Re: A content-id URL scheme

Ed Levinson (elevinso@Accurate.COM)
Mon, 06 Feb 1995 11:17:03 -0500


Message-Id: <9502061617.AA10921@Accurate.COM>
To: "Roy T. Fielding" <fielding@avron.ics.uci.edu>
Cc: uri@bunyip.com
Subject: Re: A content-id URL scheme 
In-Reply-To: Your message of "Fri, 03 Feb 1995 23:38:14 PST."
             <9502032338.aa03153@paris.ics.uci.edu> 
Date: Mon, 06 Feb 1995 11:17:03 -0500
From: Ed Levinson <elevinso@Accurate.COM>

Roy,

Yeah, I like your suggestion on wording.  Does this work better?

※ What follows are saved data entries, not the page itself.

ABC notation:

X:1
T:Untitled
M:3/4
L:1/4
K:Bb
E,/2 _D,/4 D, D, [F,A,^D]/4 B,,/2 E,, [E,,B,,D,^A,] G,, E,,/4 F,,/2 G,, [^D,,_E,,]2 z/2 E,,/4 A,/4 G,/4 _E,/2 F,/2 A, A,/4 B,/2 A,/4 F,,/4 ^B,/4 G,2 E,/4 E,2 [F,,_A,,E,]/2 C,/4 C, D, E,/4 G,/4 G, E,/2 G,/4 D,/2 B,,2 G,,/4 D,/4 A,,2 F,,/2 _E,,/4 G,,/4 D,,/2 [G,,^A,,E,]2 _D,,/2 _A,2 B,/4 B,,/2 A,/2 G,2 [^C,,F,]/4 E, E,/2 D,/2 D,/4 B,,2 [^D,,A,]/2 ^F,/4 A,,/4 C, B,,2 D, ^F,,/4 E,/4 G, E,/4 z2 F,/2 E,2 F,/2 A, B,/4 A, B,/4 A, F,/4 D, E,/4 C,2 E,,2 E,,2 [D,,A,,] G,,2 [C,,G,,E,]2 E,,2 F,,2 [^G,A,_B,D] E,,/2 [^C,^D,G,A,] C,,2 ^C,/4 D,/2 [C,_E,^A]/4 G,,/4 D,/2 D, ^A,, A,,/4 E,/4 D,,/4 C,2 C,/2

     The Uniform Resource Locator (URL) scheme, "cid", allows
     individual entities within a multipart message body to
     refer to one another by their content-id labels.

I could see using msg-ids to refer to other messages would you like to
take that up?  CIDs would be real useful now, in my opinion, in the
mimesgml work and I don't see an application for msg-id.

> ... cid URLs should be capable of referencing
> any possible Content-ID.  Any characters that are not allowed in a URL can
> be escaped using the %hex encoding method.

I agree, using escapes make sense.  Why not use the general syntax from
1521/822 and have the following?

	cidurl   = "cid" ":" cid-spec
	cid-spec = addr-spec		; RFC 822, globally unique

I think that's what you have as the "correct BNF".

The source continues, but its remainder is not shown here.